Reiner ne vit plus que du rouge, puis du noir. Il hurla, tant la douleur était atroce. Aveuglé, il ne pouvait pas se battre de manière efficace. Le guerrier avait besoin d'aide. Il sentit une pléthore de piques s'enfoncer dans sa chair, et sa nuque fut secouée d'explosions. Dans son dos, le trio comique hésitait. Sasha et Connie s'extasièrent sur le fait que les armes améliorées d'Hanji fonctionnaient. Néanmoins, ils ressassèrent tous les bons moments qu'ils avaient passé avec leur ennemi, et les deux amis n'eurent pas envie de continuer.

« Hey, interpella Jean. Je croyais que vous vous sentiez prêts à l'affronter ! C'est pas le moment de flancher ! »

D'un cri commun, les cinq soldats plantèrent leurs secondes lances dans la nuque à découvert du cuirassé. Celui-ci, à l'intérieur de ses chairs protectrices, écarquilla les yeux. Il n'eut le temps que de dire « Attendez ! », mais personne ne l'entendit. Lorsque les déflagrations retentirent une nouvelle fois, les soldats du bataillon observèrent le corps du blond choir vers l'arrière. Il n'y avait plus que le bas de sa mâchoire qui restait de son visage. L'escouade d'Hanji cria face à cette victoire. Les traits de Jean se crispèrent, tant de joie que de désespoir.

« Ahah, ça a marché ! T'étais vraiment un sale con, hein ? »

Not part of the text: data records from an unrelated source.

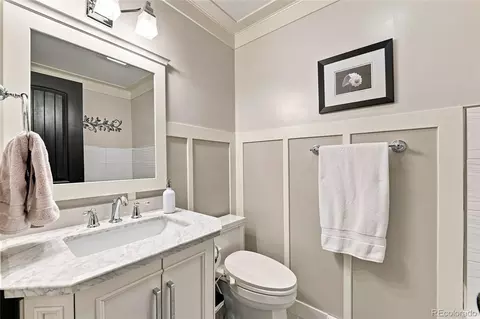 Bath - 690 E Davies Ave, Centennial, CO 80122 photo 2 of 3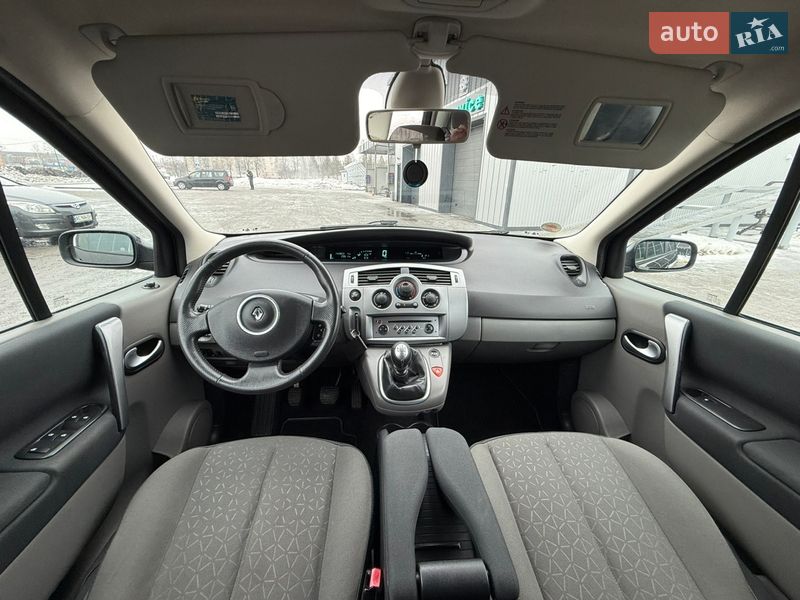Минивэн Renault Scenic 2009 в Владимире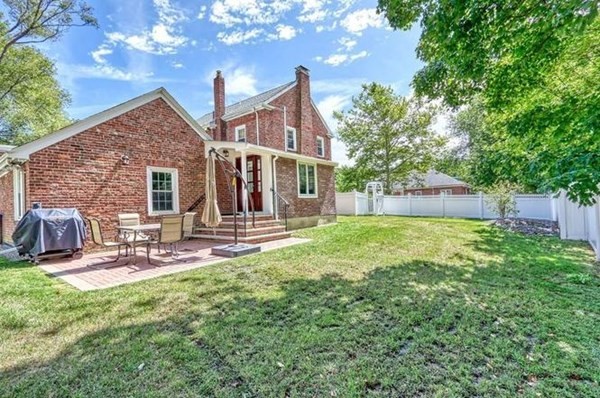 5 Grassmere Rd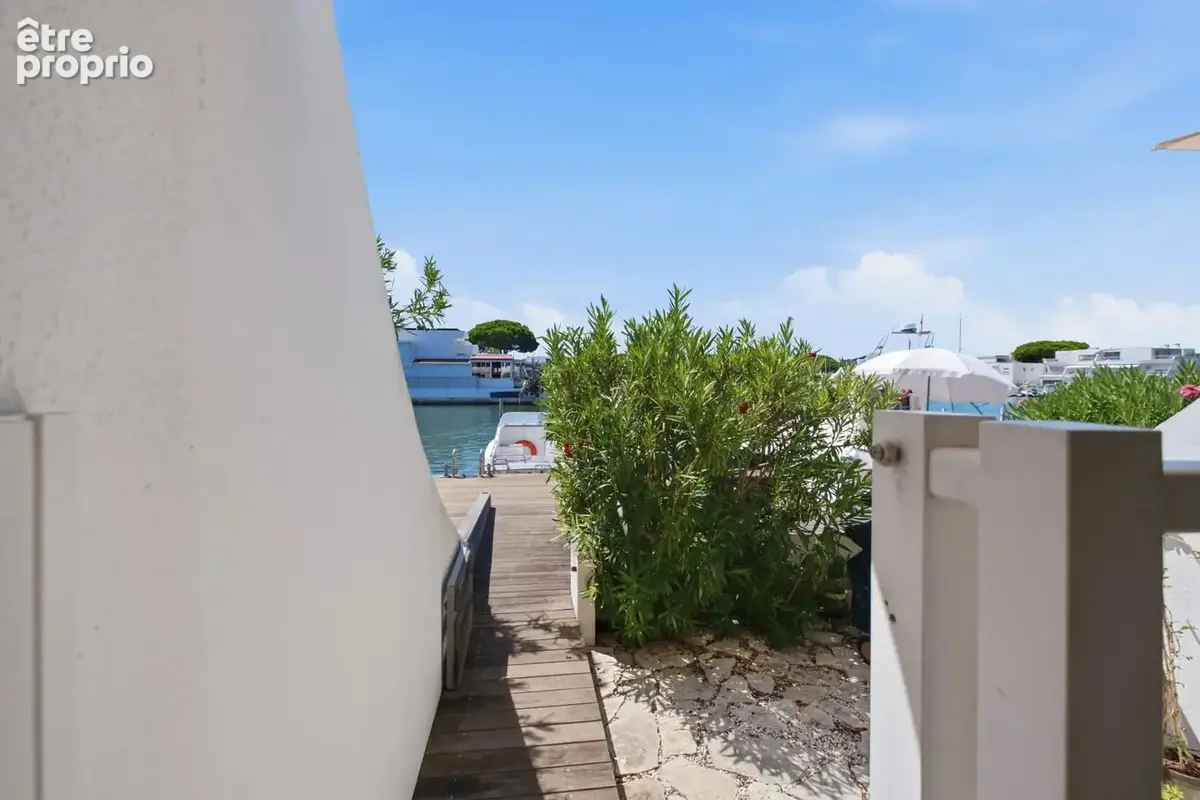 Marina en duplex avec appontement bateau Port Camargue - photo 11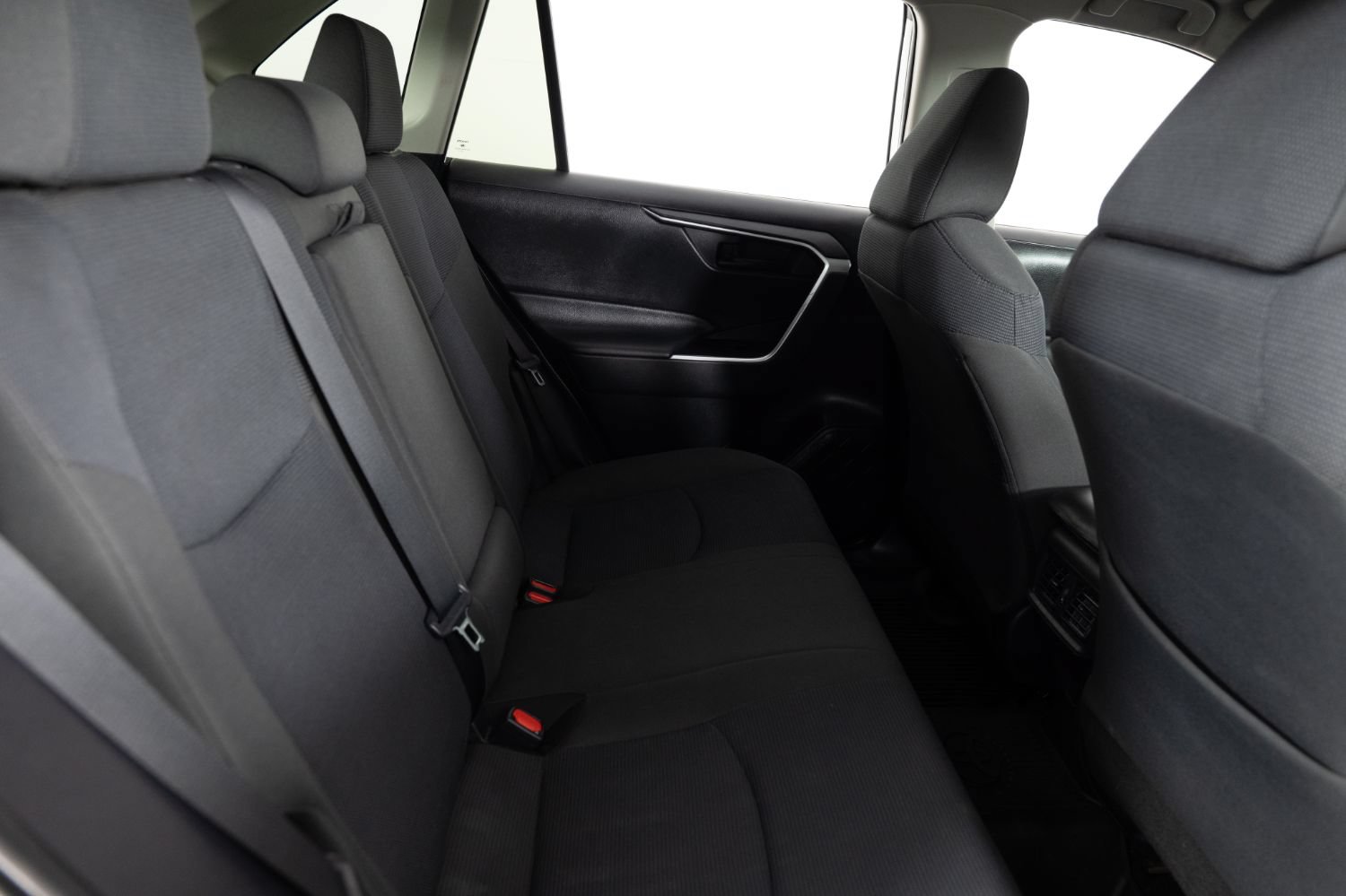 Used 2020 Toyota RAV4 LE w/ All Weather Liner Package AWD/4WD image 21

Quelques sanglots retentirent à ses côtés, et il ne put s'empêcher de prendre ses deux amis par le col.

« Arrêtez de chialer et relevez-vous, c'est pas fini ! Pourquoi vous pleurez ? C'est nous qui l'avons tué ! »

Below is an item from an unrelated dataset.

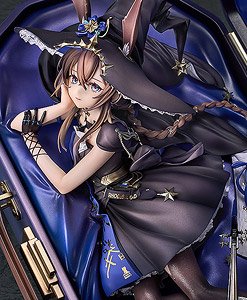 Amiya: Solo Around The World Ver. (PVC Figure)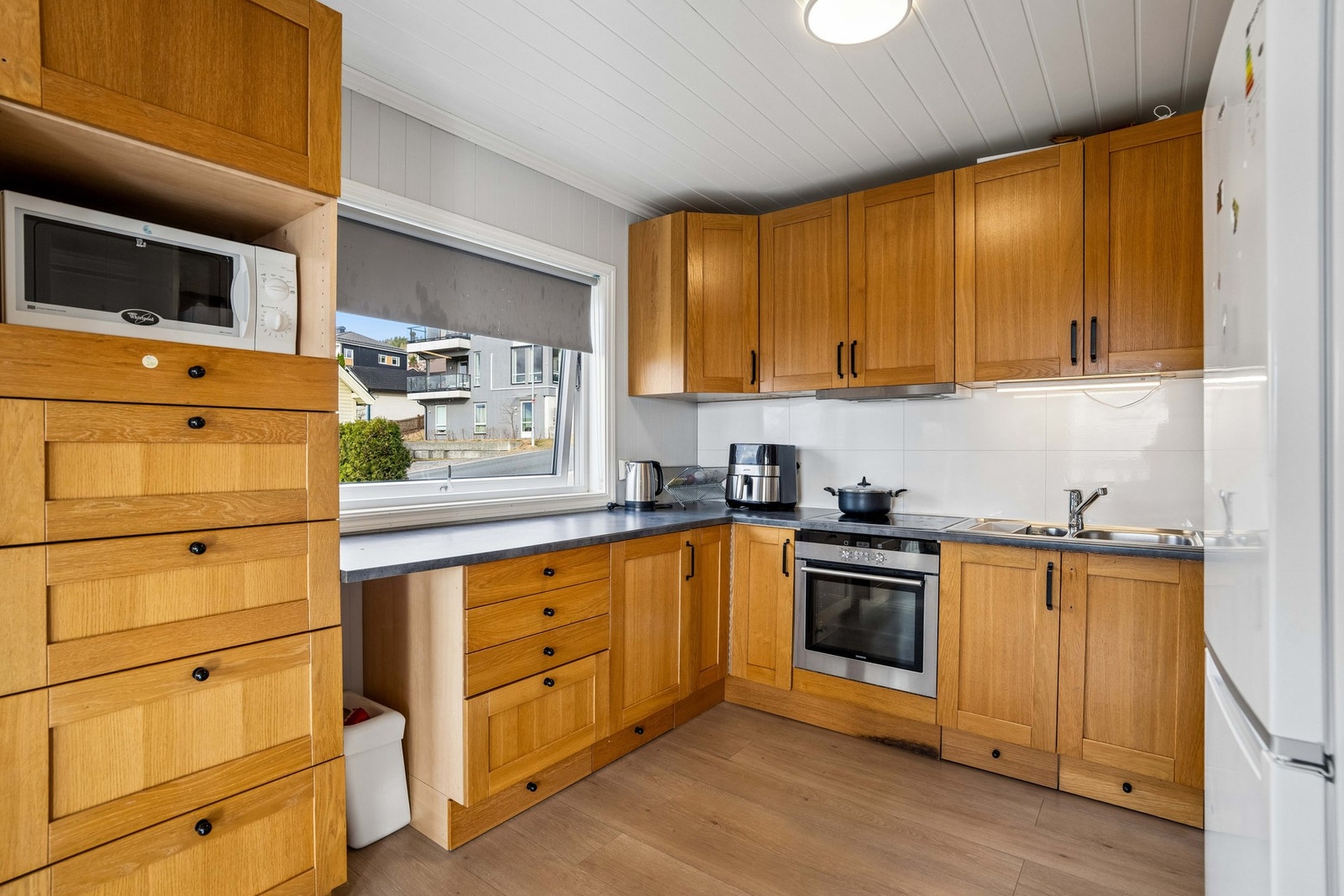 Kjøkkenet har integrert stekeovn og koketopp samt plass til øvrige hvitevarer. Galleribilde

Ils furent rejoints par les autres membres de l'escouade de Levi, qui étaient à l'écart. Armin observa avec tristesse les restes fumants de Reiner.

« Il n'y avait pas d'autre alternative... »

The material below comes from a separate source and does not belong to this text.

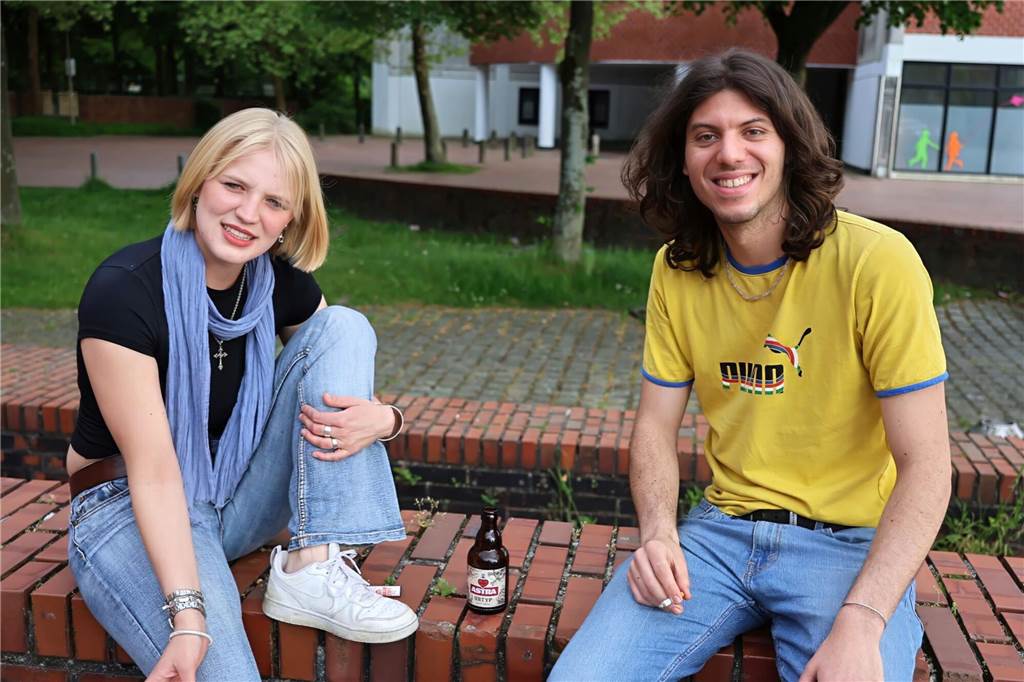 Drei Bands – Yellow Couch, Greñas und als Top-Act die Australische Band Mixed up everything – sorgten für Festivalstimmung im Gemeinschaftshaus Wulfen. Nach dreieinhalb Jahren Pause wurde nicht nur gefeiert, sondern auch nostalgisch an die legendären Bar61-Zeiten angeknüpft.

Derrière lui, un homme avec une capuche avait du mal à utiliser son équipement tridimensionnel. Il atterrit difficilement à ses côtés, pestant contre cet appareil démoniaque. Le blond fut interloqué. Les types des brigades avaient pourtant eu la même formation tridimensionnelle. De plus, ils étaient sensés être les meilleurs de leur promotion...

« Tu veux de l'aide avec ton équipement tridimensionnel ? On dirait que c'est la première fois que tu l'utilises. »

L'inconnu tourna le visage vers lui, et son expression faciale glaça le sang du stratège. Ses prunelles claires semblaient lui lancer des éclairs, tant la haine débordait de celles-ci. Quelques mèches rousses tombèrent devant son front, et son visage furieux fut déformé par un sourire- qui ressemblait davantage à une grimace animale.

« Oh, merci pour ta proposition, démon. J'apprécie. »

Il n'eut pas le temps de réagir. L'inconnu sauta vers lui, et sortit dans son élan un couteau de sa poche. Dans sa précipitation, sa capuche vola vers l'arrière, dévoilant une chevelure de flammes.

La douleur fit crier Armin. La lame se logea dans le creux de son épaule, à proximité de son cœur qui battait furieusement- probablement mu par une terreur sourde. Dans son sursaut, il avait réussi à éviter que l'arme ne se plante dans son organe vital. Mikasa, à quelques mètres de là, vit la scène au ralenti. Son corps s'élança tout seul en direction de cet homme. Elle ne le connaissait pas, mais la brune imaginait déjà quelle expression aurait son visage, si celui-ci était mort. En un éclair, elle repoussa l'assaillant, coupant un de ses bras dans son sillage. Le roux se laissa tomber sur les tuiles rouges, roulant vers le vide. Son hurlement, à la fois furieux et implacable, annonça une prophétie funeste. Un éclair secoua son corps, et les soldats virent avec horreur un titan, semblable à celui d'Ymir, bondir entre les bâtiments, en direction d'Eren. 

Le corps d'Armin Arlert tomba vers l'arrière, et Jean hurla de fureur.